Try it - Without copying any picture, return all lines below exactly.

Content starts

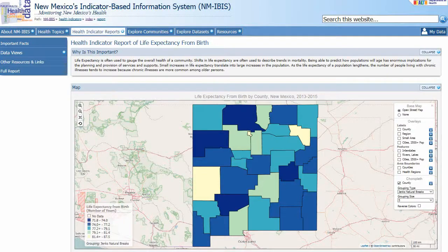Hello, this is Chris Wenker. I'm a GIS epidemiologist at the New Mexico Department of Health. This is a training video for the IBIS Community of Practice. I'll demonstrate how to edit a GeoJSON map layer using QGIS.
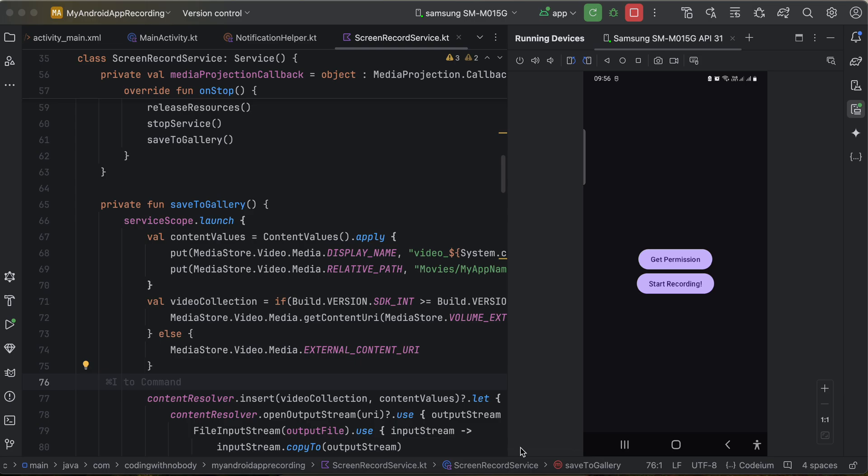Hello everyone, welcome back to the next video. In this video I will show you how you can record any screen inside Android using MediaProjection for a native Android application. So let's get started.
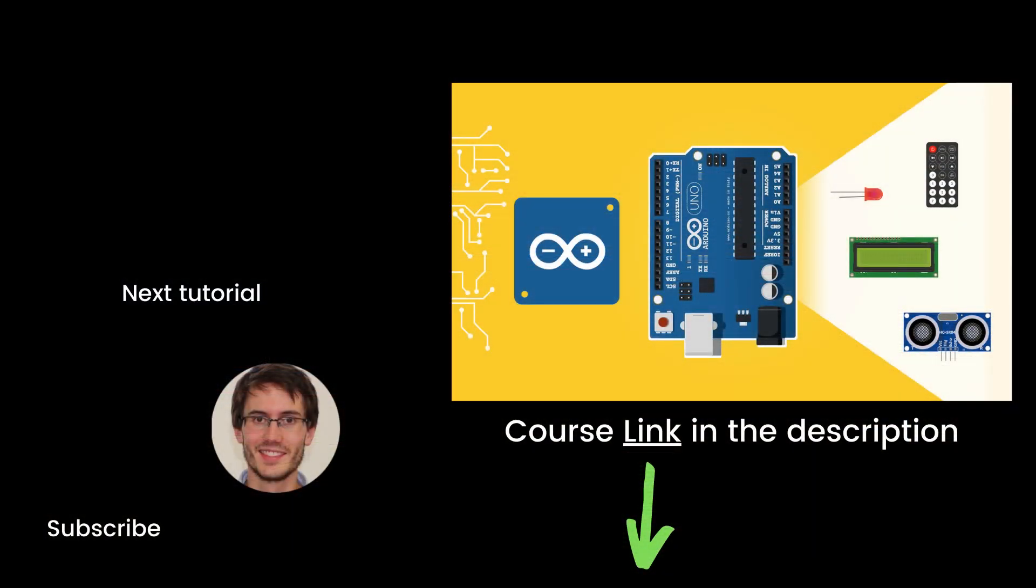That's the end of this episode. If you found it useful, you will definitely like my full complete course on Arduino named Arduino for Beginners. This course contains about seven times more content than the series. You can find the link in the description. Thank you for watching, see you in the course or in the next tutorial of the series.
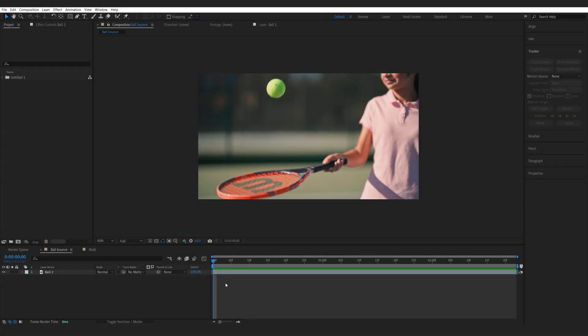In this short video I'll be showing you how to use Mocha to track all kinds of objects inside of After Effects and why I prefer using it over the built-in tracker to basically track anything that I need.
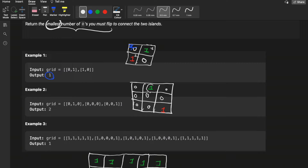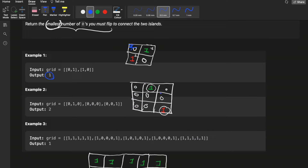In the second example, there is island one and island two. One approach is to flip four zeros to connect them. But a better approach is to flip only two zeros — flipping two specific zeros connects both islands. So the minimum number of flips here is two.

Content ends

Reply -
Hello, this is Chris Wenker. I'm a GIS epidemiologist at the New Mexico Department of Health. This is a training video for the IBIS Community of Practice. I'll demonstrate how to edit a GeoJSON map layer using QGIS.
Hello everyone, welcome back to the next video. In this video I will show you how you can record any screen inside Android using MediaProjection for a native Android application. So let's get started.
That's the end of this episode. If you found it useful, you will definitely like my full complete course on Arduino named Arduino for Beginners. This course contains about seven times more content than the series. You can find the link in the description. Thank you for watching, see you in the course or in the next tutorial of the series.
In this short video I'll be showing you how to use Mocha to track all kinds of objects inside of After Effects and why I prefer using it over the built-in tracker to basically track anything that I need.
In the second example, there is island one and island two. One approach is to flip four zeros to connect them. But a better approach is to flip only two zeros — flipping two specific zeros connects both islands. So the minimum number of flips here is two.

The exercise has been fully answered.